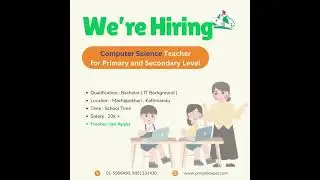 🖥️ Computer Teacher Job in Kathmandu | Fresher Can Apply | PMS JOB NEPAL || BS - 276 | 2082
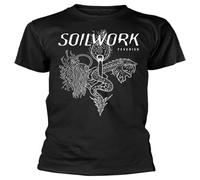 Taitai Men's Soilwork Feverish Black T-Shirt Fashion T-Shirt Balck Unisex 100% Cotton Short-Sleeve T-Shirts Black XXL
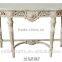 Antique Gold Living Room Console Table Rococo Furniture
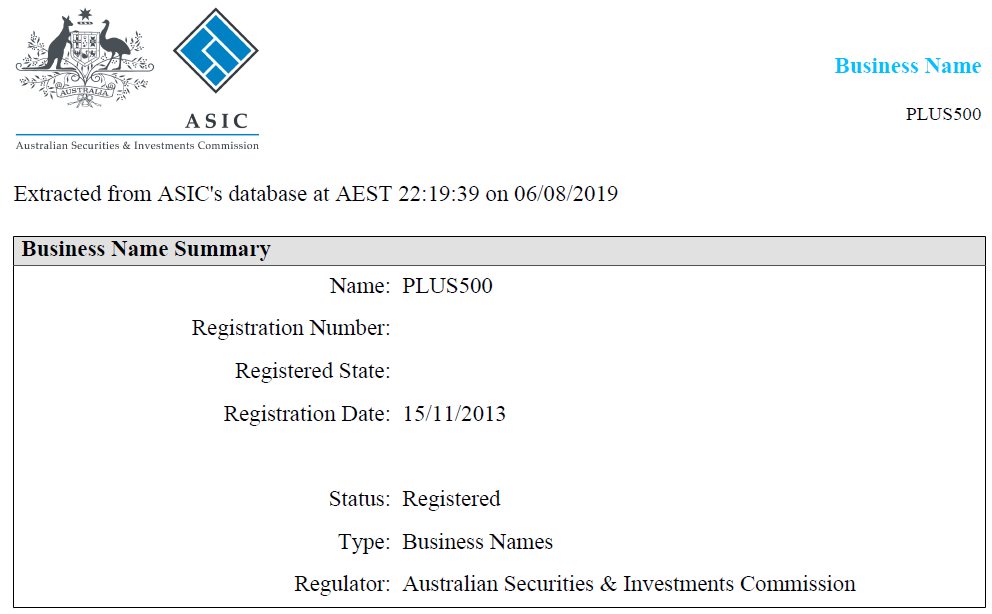 Plus500 ASIC Regulation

DIRECTIONS FOR THIS TASK =
Print verbatim every line above, apart from the pictures.

EXERCISE RESPONSE =
 🖥️ Computer Teacher Job in Kathmandu | Fresher Can Apply | PMS JOB NEPAL || BS - 276 | 2082
 Taitai Men's Soilwork Feverish Black T-Shirt Fashion T-Shirt Balck Unisex 100% Cotton Short-Sleeve T-Shirts Black XXL
 Antique Gold Living Room Console Table Rococo Furniture
 Plus500 ASIC Regulation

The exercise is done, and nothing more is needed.